Rodrigues, João Beirão Valente Alves. "Diagnóstico de Fibrilhação Auricular após Evento Vascular Cerebral Criptogénico com recurso ao Apple Watch®: The Apple Watch Stroke Study." Master's thesis, 2020. http://hdl.handle.net/10316/97710.

Full text
Abstract:
Trabalho Final do Mestrado Integrado em Medicina apresentado à Faculdade de Medicina
Background: Up to a third of all ischaemic strokes are rendered cryptogenic or of undetermined aetiology. AF monitoring is recommended as part of the systematic investigation of potential causes. However, the most effective way of undertaking AF screening has not been established, particularly concerning the method and the duration of monitoring. Recent evidence demonstrated that an algorithm including the Apple Watch® and the Heart study app® is feasible for AF screening. This way, the Apple Watch® may prove to be a widely applicable approach for AF detection in stroke patients, likely increasing its yield. Detection of AF after incidental stroke has important therapeutic implications, since oral anticoagulation therapy would then be recommended for secondary prevention. Study design: The Apple Watch stroke study is a multicentre, prospective, randomized and controlled trial designed to evaluate the performance of the Apple Watch® and its associated smartphone application as a long-term monitoring method for AF detection after a stroke otherwise regarded as cryptogenic. Five hundred patients will be enrolled and randomized in a 1:1 fashion to standard arrhythmia monitoring, as proposed by international scientific societies (control arm), or Apple Watch® monitoring (experimental arm).Outcomes: The primary endpoint is AF detection rate within 12 months after stroke. Secondary endpoints further include recurrent stroke and rehospitalization incidence, antiarrhythmic and oral anticoagulation drug usage and a multidimensional quality of life assessment. The clinical follow-up period will be at least 12 months.
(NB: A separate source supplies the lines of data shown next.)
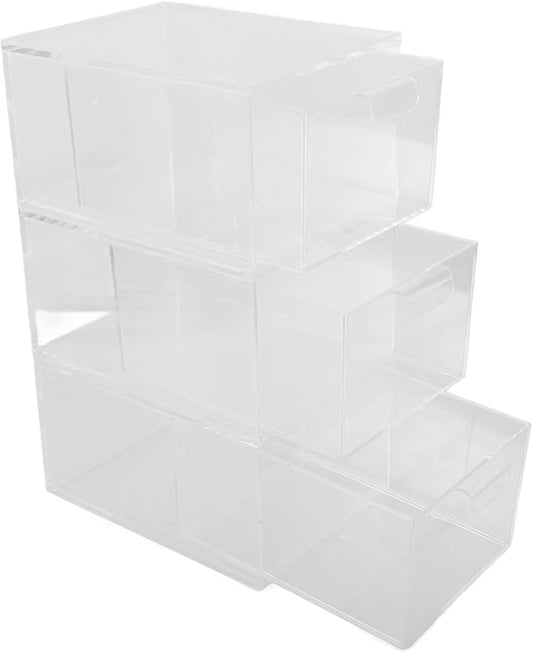3pcs Stackable Acrylic Makeup Organizer Storage Bin for Vanity Bathroom and Desk Use Dustproof Design for Easy Access to Cosmetics and Jewelry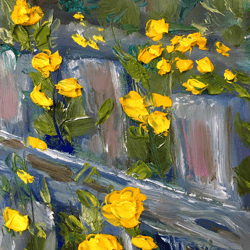 Old Fence Line Painting Original Art Flowers Artwork Art Oil Painting 7 by 5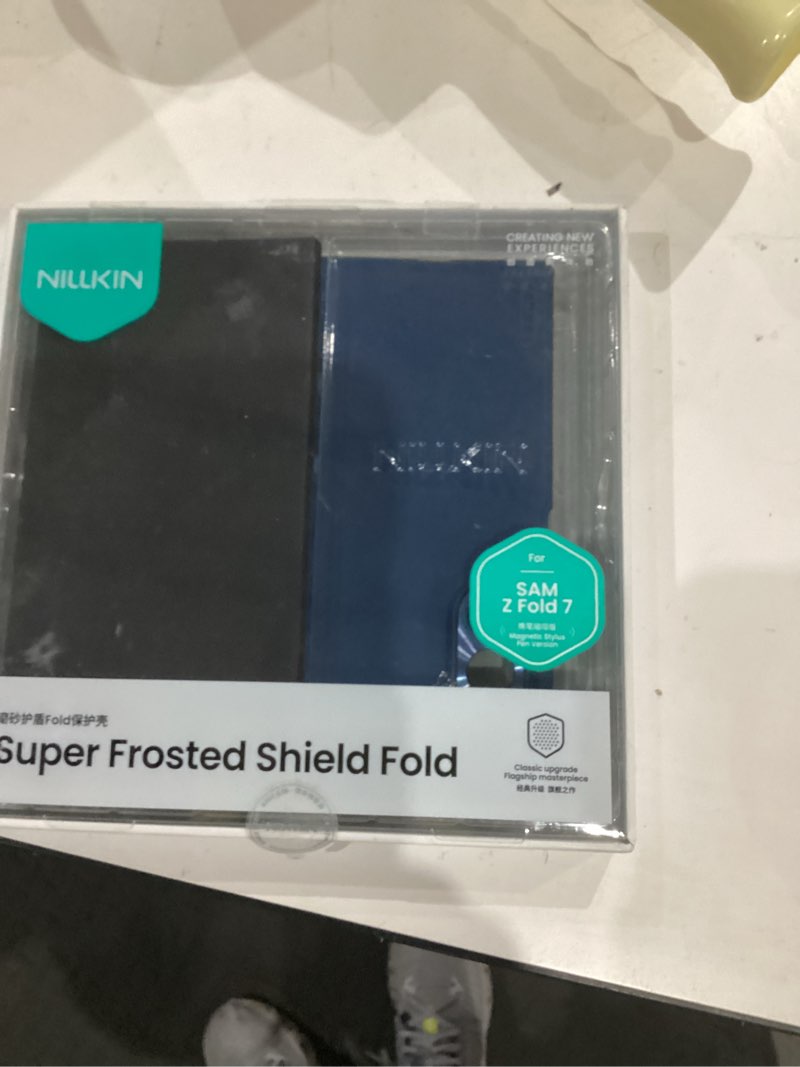 Condition photo showing New/Like New for Nillkin for Samsung Galaxy Z Fold 7 Case with S Pen Holder, [Compatible with MagSafe][Hinge Protection] HD Screen Protector Frosted Matte Texture Slim Fit Phone Case for Galaxy Z Fold 7 Blue Blue Galaxy Z Fold 7 with S Pen Holder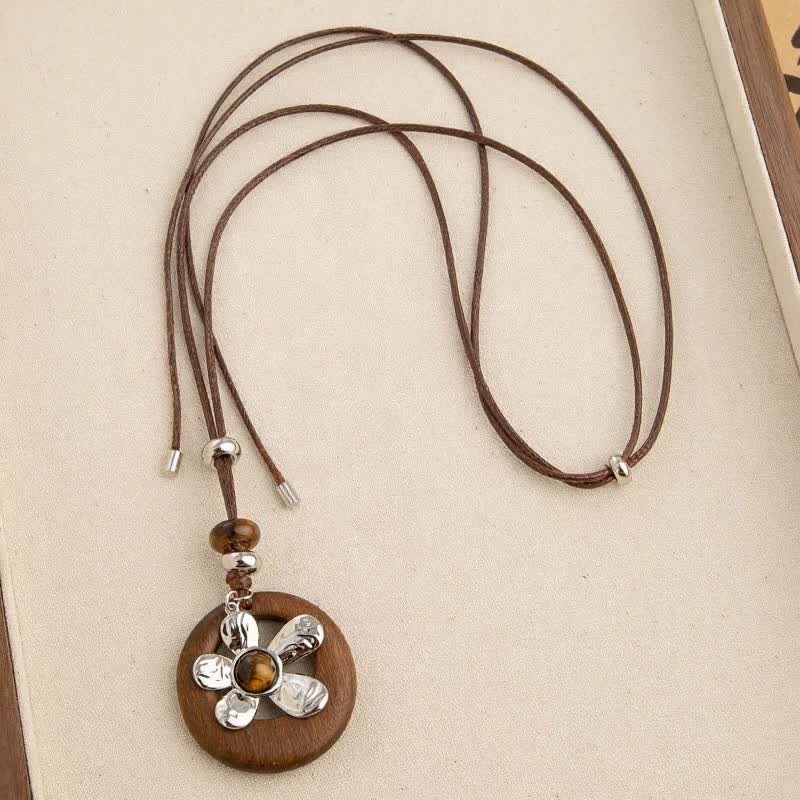 Buddha Stones Vintage Sandalwood Grounding Floral Pendant Protection Necklace - image 1
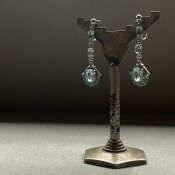 1920's Light Blue Glass Earrings 1920ǯ 饤ȥ֥롼 饹 󥰡
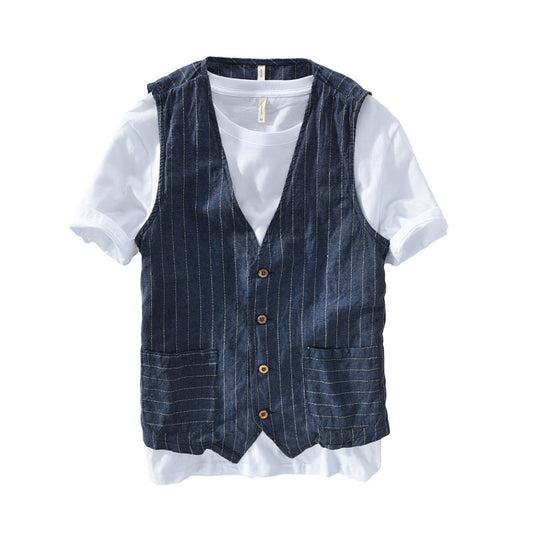 Men's Cotton And Linen Striped Vest Loose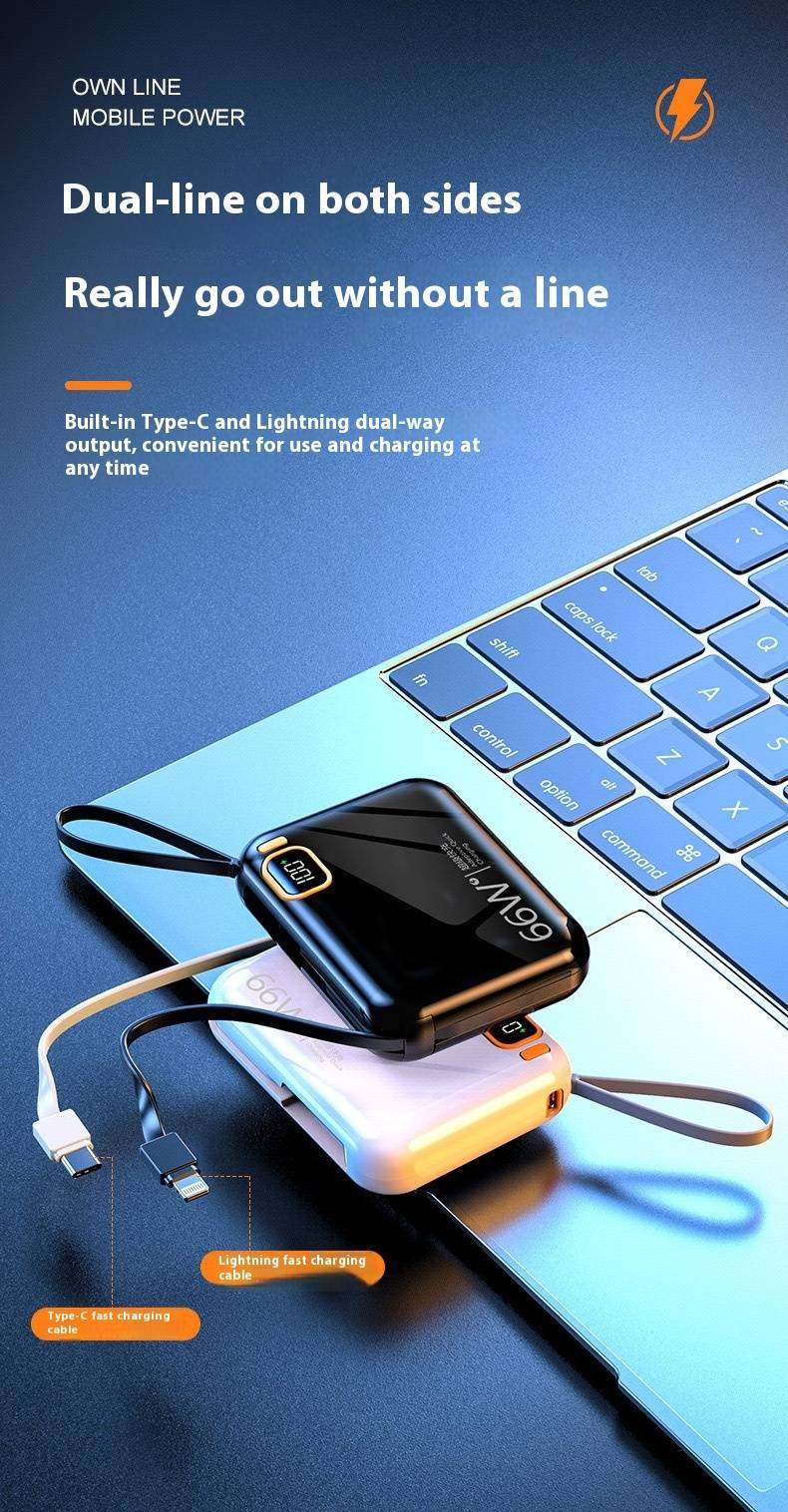 66W PD Fast Charging Power Bank 10000mAh - Mini Portable With Built-in Cable, Quick Charge 3.0, Digital Display, For IPhone/Samsung/Android_voghion.com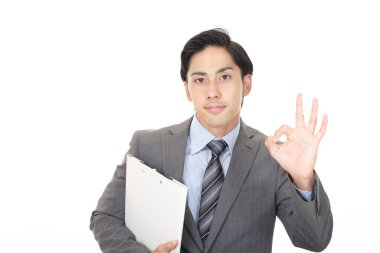 El işaretli Asyalı iş adamı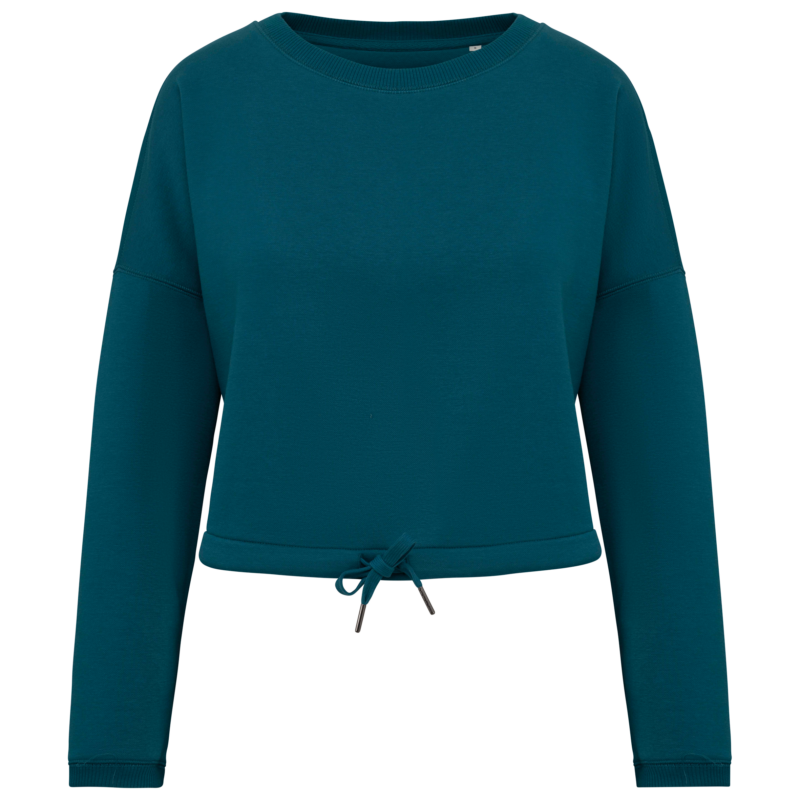 Sweat-shirt écoresponsable à col rond oversize crop femme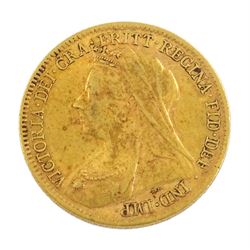 Queen Victoria 1900 gold half sovereign coin
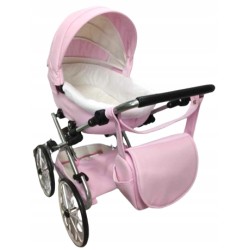 Duży wózek dla lalek głęboki retro błękit srebrny dla dziewczynki Jackmar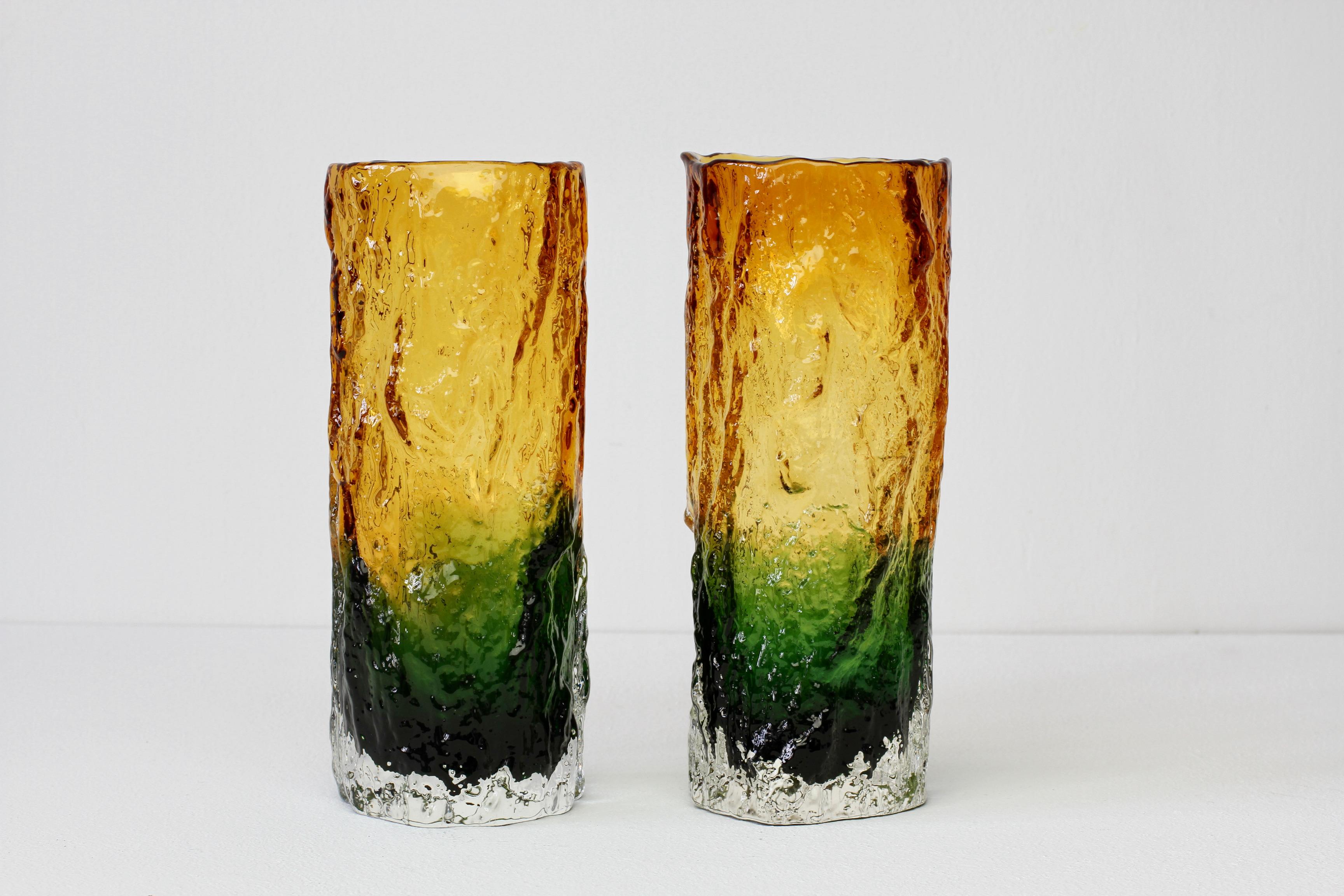 Mid-Century Modern Whitefriars Style Pair of Vintage 1970s Green & Yellow Bark Textured Glass Vases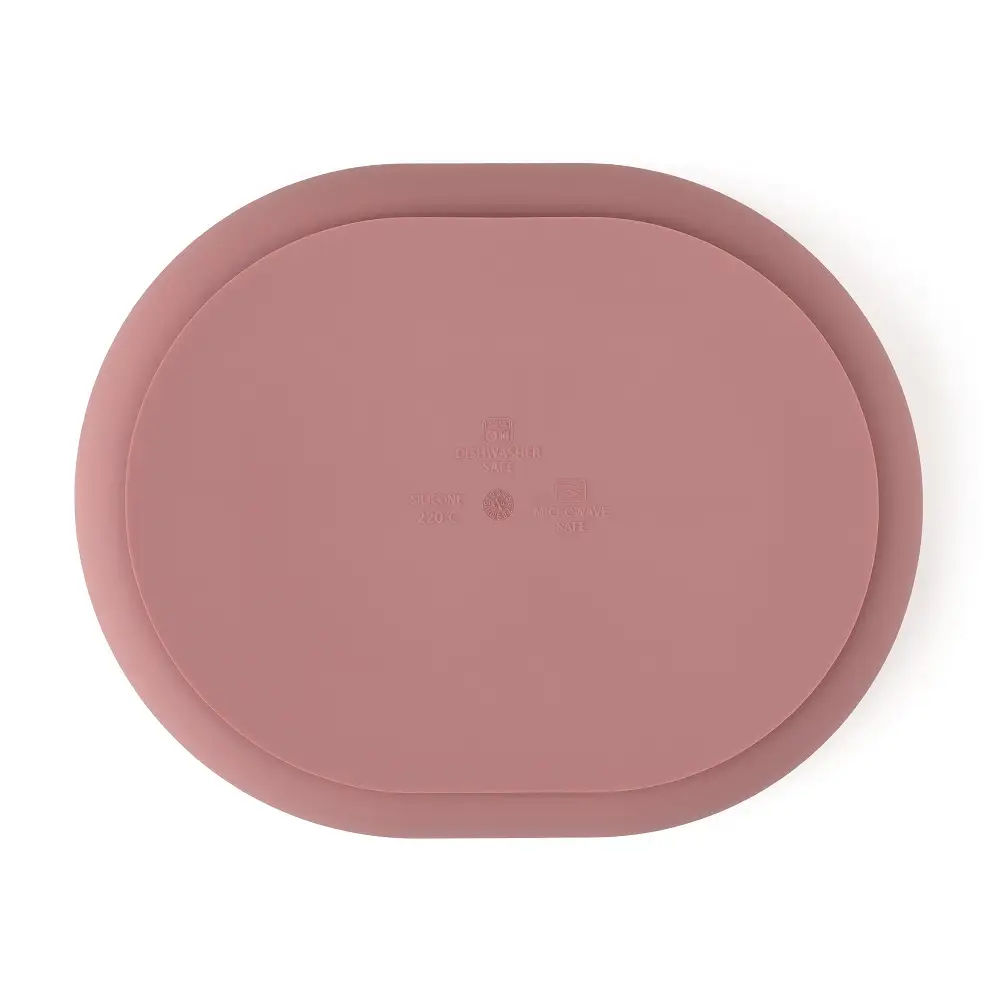 PETITE&MARS Silikonski ovalni tanjur s odjeljcima i vakuumom 6 m+ Take&Match, Dusty Rose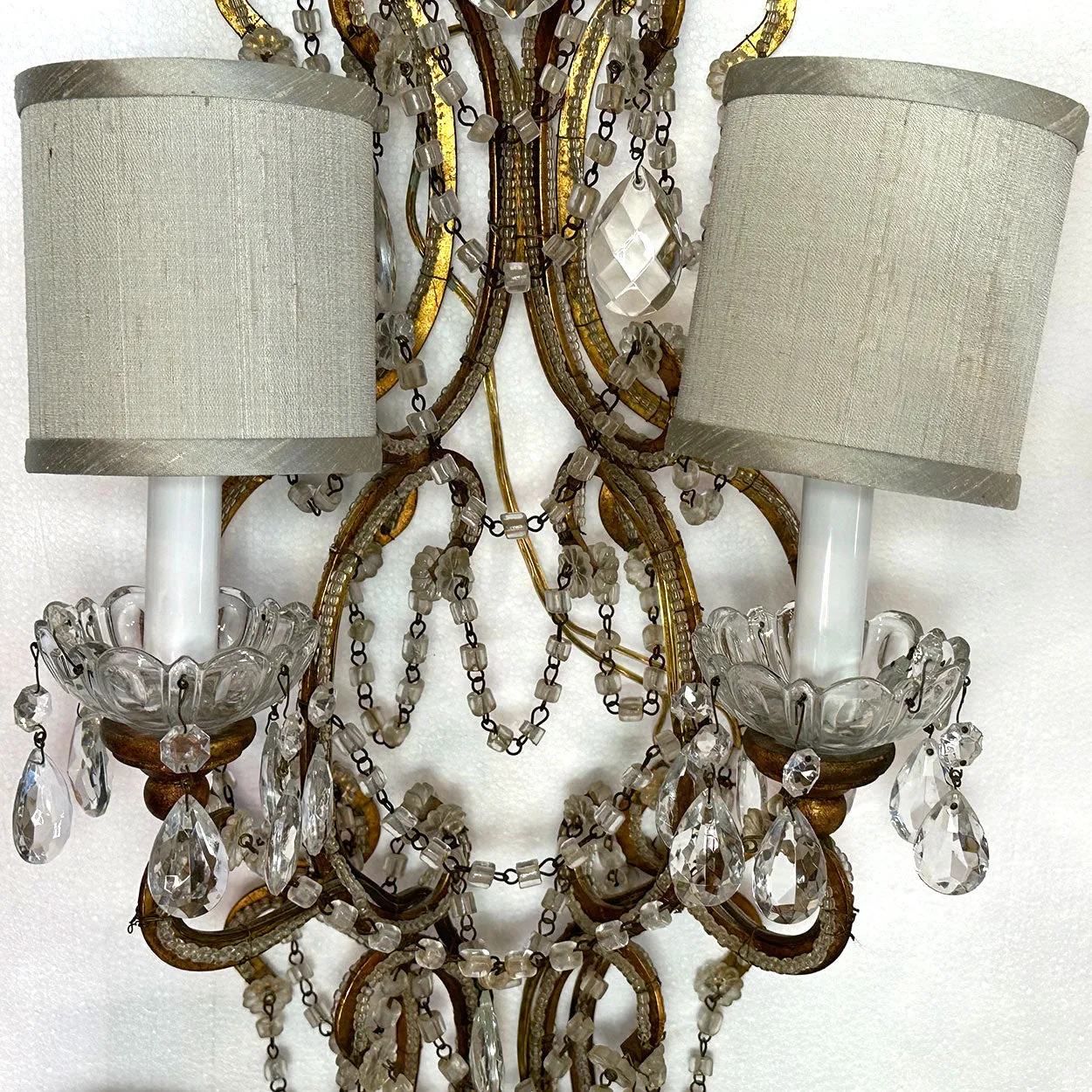 Pair Very Large European Gilt Wrought Iron Beaded Crystal Six-Light Wall Sconces
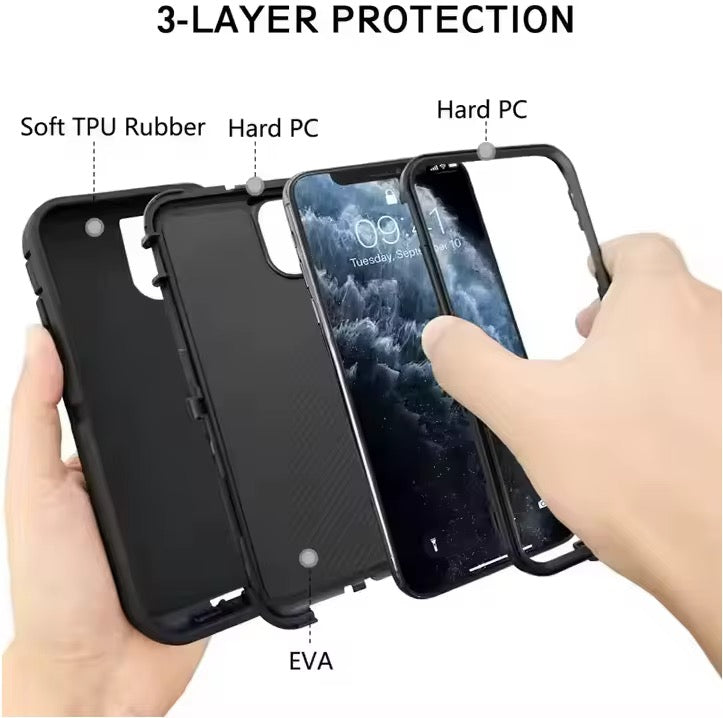 GSCASE Heavy Duty Defender Phone Cover case for iPhone 12, 12pro, 12promax, 13proMax, 14promax, 15promax, 16 and 16promax.        🔥Buy one get one free.               😍Free delivery for today orders. 🚚delivery before payment within Accra only.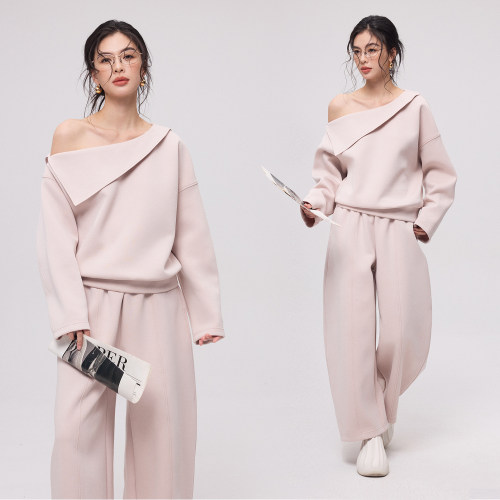 空气层廓形斜肩弯刀裤休闲套装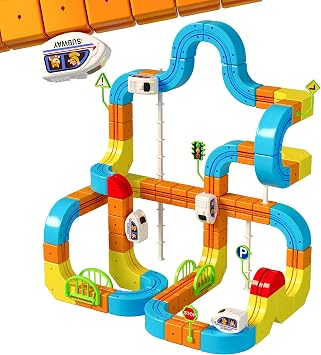 Electric klick Rail Infinity 3D Train Set, Building Stem Toys for Boys Girls, Flexible Race Car Track with Cube & Motorized Train, Gravity-Defying 3D Layout Building Kit, 167 Pcs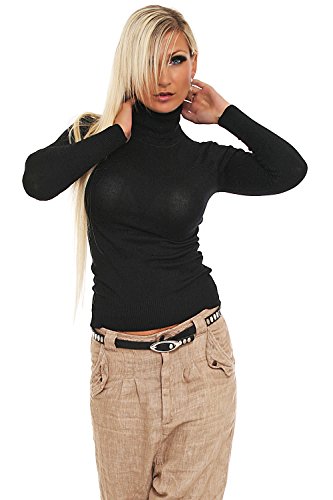 Fashion4Young 10098 Damen Feinstrick-Pullover Pulli Rollkragen verfügbar in 12 Farben Gr. 34/36 (34/36, Schwarz) von Fashion4Young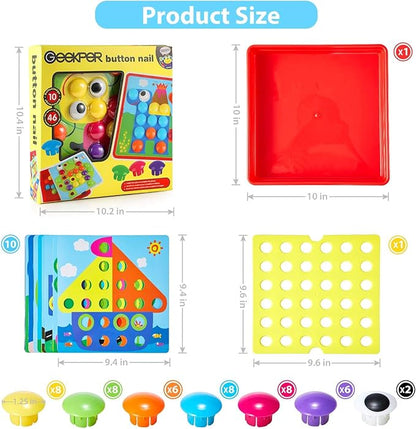 Geekper 68PCS Button Art Toys for Toddlers Color Matching Mosaic Pegboard, Early Learning Educational Toys for 3, 4, 5, 6 Year Old Kids Boys and Girls, 10 Pictures and 58 Buttons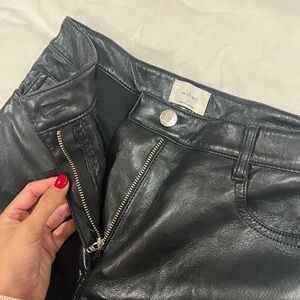 Aritzia Black Leather Pants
Study completion date is expected at the end of 2024.
Introdução: Até um terço dos AVCs são classificados como criptogénicos ou de etiologia indeterminada. Neste contexto, o rastreio de FA faz parte da avaliação etiológica de rotina. No entanto, a duração e o método ideais para a sua monitorização continuam por esclarecer. Recentemente, um algoritmo envolvendo o Apple Watch® e a Heart study app® foi validado enquanto método de rastreio de FA. Especula-se que o emprego sistemático deste método possa incrementar a probabilidade de deteção desta arritmia em doentes com AVC. A deteção de FA após um AVC tem implicações terapêuticas importantes, recomendando-se, idiossincrasicamente, a anticoagulação oral como estratégia de prevenção secundária preferencial.Desenho do estudo: O Apple Watch stroke study é um estudo multicêntrico, prospetivo, aleatorizado e controlado que visa avaliar a performance do Apple Watch® e da respetiva aplicação para smartphone enquanto método de monitorização prolongada para detecção de FA após AVC agudo de outra forma considerado criptogénico. Quinhentos doentes serão incluídos e aleatorizados num rácio 1:1 para a monitorização cardíaca de rotina por ora recomendada por sociedades científicas internacionais (grupo controlo) ou monitorização com recurso ao Apple Watch® (grupo experimental).Outcomes: O endpoint primário é a taxa de detecção de FA 12 meses após o AVC. Endpoints secundários incluem, ainda, a incidência de AVC recorrente e de re-hospitalização, o uso de farmacoterapia antiarrítmica ou anticoagulante e uma avaliação multidimensional da qualidade de vida. O período de follow-up clínico mínimo será de 12 meses. A data esperada para a conclusão do estudo é 2024.